Technically, crowdsourcing – the “in” thing in today’s business landscape – has existed for centuries. Our predecessors in government, business, science and other industries recognized the value of tapping into the collective knowledge and wisdom of the crowd, even if today some businesses are just getting started.
The following examples from crowdsourcing’s history demonstrate how the practice has evolved from its early days of slow and steady traction to its rapid rise in popularity with the advent of the digital age. Although it’s been around for a long time, today crowdsourcing is taking the world by storm and finally getting the attention it deserves.
As early as 1714, crowdsourcing brought distributed problem solving to task. “The Longitude Prize” was offered by the British government to develop a reliable way to compute longitude.

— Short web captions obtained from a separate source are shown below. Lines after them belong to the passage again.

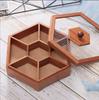 Caja de madera con celosía Jiugong, caja de dulces china de madera maciza, mesa de centro para sala de estar, caja de frutos secos de madera decorada para el hogar con tapa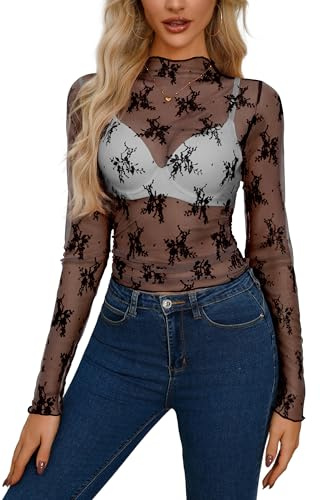 Haut sexy pour femme - Haut en maille - Haut transparent, Noir , XXL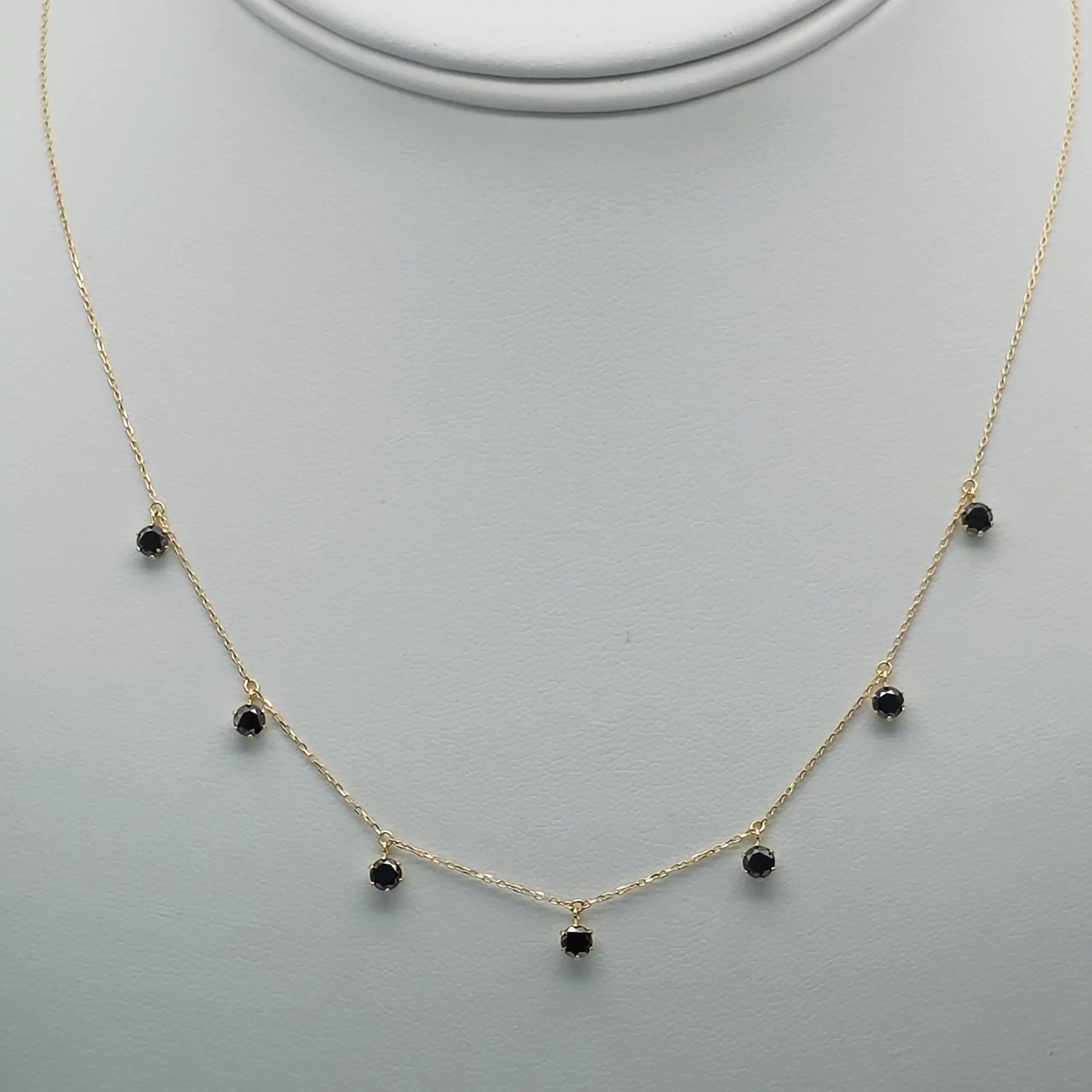 Black Diamond Dangle Necklace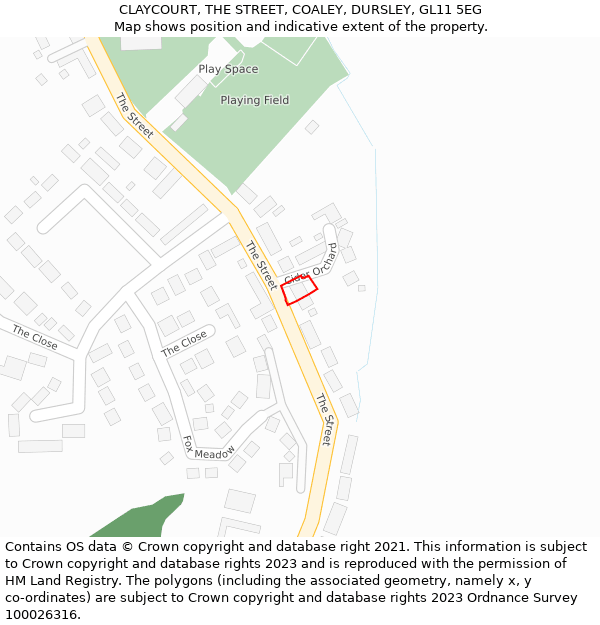 CLAYCOURT, THE STREET, COALEY, DURSLEY, GL11 5EG: Location map and indicative extent of plot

Later, King Louis IV of France offered a prize for making alkali from sea salt. And in 1884, the Oxford English Dictionary relied upon 800 readers to catalog words.
These and other applications of what we now call crowdsourcing can be found throughout the late 1800s up to and into the late 1900s. They show us that infinite power lies in the crowd, and that said power has been waiting to be discovered on a large scale for centuries.
In the early 21st century, collective wisdom and all it offers started to gain recognition, thanks to the book “The Wisdom of Crowds” by James Surowiecki. During this period, innovating dot coms started making names for themselves using similar processes involving what we now call crowdsourcing. The crowdsourced online t-shirt retailer Threadless launched in 2000, Wikipedia began crowdsourcing knowledge in 2001, YouTube made crowdsourcing video entertainment a thing in 2005 and Freelancer.com opened its virtual doors in 2009.
With each success, crowdsourcing became more visible and more popular. Today crowdsourced internet microtask platforms, such as Amazon’s Mechanical Turk, offer systems that continue to grow, evolve and revolutionize the way work gets done, for everything from categorizing data to social science experiments to outsourcing content marketing.
In June 2006, Wired’s Jeff Howe coined the term crowdsourcing in his article, “Rise of Crowdsourcing.” Combined with the rapid growth of e-commerce, the age of the consumer, mobile technologies and social media in the last decade, crowdsourcing has revolutionized just about every industry that’s been smart enough to utilize it. The world’s best global brands have increasingly used crowdsourcing to get things done, and as this interactive timeline shows, the year-over-year growth speaks for itself.
As crowdsourcing enters more and more areas of utilization, it’s growing as a tool for outsourcing content writing. And for good reason. Creative talent? Check. Knowledgeable crowdworkers? Check. Scalability? Check. Cost-effectiveness? Check. A tool for dominating your industry with high-value content creation? Check. Content that sparks engagement? Check. What’s not to love about using crowdsourcing for content creation?
The future of crowdsourcing is limited only by how insightful, creative and innovative the businesses, governments, organizations and people of tomorrow aspire to be. What’s your favorite example of crowdsourcing, and what industries do you see changing the world with crowdsourcing?